# [Description of the task]
Give again the lines of the data from its first line through the line with "El primer vuelo". Change nothing.

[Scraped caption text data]
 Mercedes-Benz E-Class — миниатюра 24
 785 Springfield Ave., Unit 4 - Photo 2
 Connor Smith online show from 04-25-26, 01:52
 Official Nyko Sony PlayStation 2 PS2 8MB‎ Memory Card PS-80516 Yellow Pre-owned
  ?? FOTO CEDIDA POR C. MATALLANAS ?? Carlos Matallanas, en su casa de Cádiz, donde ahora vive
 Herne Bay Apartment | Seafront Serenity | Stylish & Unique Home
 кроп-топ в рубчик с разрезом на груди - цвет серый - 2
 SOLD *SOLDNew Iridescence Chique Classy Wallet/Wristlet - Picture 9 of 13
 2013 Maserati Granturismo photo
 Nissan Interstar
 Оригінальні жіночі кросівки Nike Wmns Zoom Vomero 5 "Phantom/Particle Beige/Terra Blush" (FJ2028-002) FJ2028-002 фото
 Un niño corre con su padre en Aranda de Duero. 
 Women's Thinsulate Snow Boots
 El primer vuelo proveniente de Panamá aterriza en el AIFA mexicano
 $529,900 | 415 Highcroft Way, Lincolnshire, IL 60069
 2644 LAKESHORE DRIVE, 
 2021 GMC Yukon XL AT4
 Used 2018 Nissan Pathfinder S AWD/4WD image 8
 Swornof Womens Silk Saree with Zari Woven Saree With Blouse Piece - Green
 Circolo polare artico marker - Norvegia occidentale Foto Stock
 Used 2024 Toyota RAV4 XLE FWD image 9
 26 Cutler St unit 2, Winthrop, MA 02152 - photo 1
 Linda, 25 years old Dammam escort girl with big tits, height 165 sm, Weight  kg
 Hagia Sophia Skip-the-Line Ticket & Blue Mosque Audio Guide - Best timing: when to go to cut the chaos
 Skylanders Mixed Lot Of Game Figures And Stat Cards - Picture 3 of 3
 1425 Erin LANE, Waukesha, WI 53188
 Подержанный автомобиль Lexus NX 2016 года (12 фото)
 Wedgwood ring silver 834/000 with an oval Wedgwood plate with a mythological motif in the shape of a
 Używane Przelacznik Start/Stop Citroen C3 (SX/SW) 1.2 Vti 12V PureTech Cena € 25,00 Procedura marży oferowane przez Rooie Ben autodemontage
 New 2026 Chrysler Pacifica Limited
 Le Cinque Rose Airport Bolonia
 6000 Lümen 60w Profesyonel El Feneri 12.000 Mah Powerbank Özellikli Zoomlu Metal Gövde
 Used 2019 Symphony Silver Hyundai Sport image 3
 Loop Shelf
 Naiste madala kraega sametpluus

# [Solved exercise]
 Mercedes-Benz E-Class — миниатюра 24
 785 Springfield Ave., Unit 4 - Photo 2
 Connor Smith online show from 04-25-26, 01:52
 Official Nyko Sony PlayStation 2 PS2 8MB‎ Memory Card PS-80516 Yellow Pre-owned
  ?? FOTO CEDIDA POR C. MATALLANAS ?? Carlos Matallanas, en su casa de Cádiz, donde ahora vive
 Herne Bay Apartment | Seafront Serenity | Stylish & Unique Home
 кроп-топ в рубчик с разрезом на груди - цвет серый - 2
 SOLD *SOLDNew Iridescence Chique Classy Wallet/Wristlet - Picture 9 of 13
 2013 Maserati Granturismo photo
 Nissan Interstar
 Оригінальні жіночі кросівки Nike Wmns Zoom Vomero 5 "Phantom/Particle Beige/Terra Blush" (FJ2028-002) FJ2028-002 фото
 Un niño corre con su padre en Aranda de Duero. 
 Women's Thinsulate Snow Boots
 El primer vuelo proveniente de Panamá aterriza en el AIFA mexicano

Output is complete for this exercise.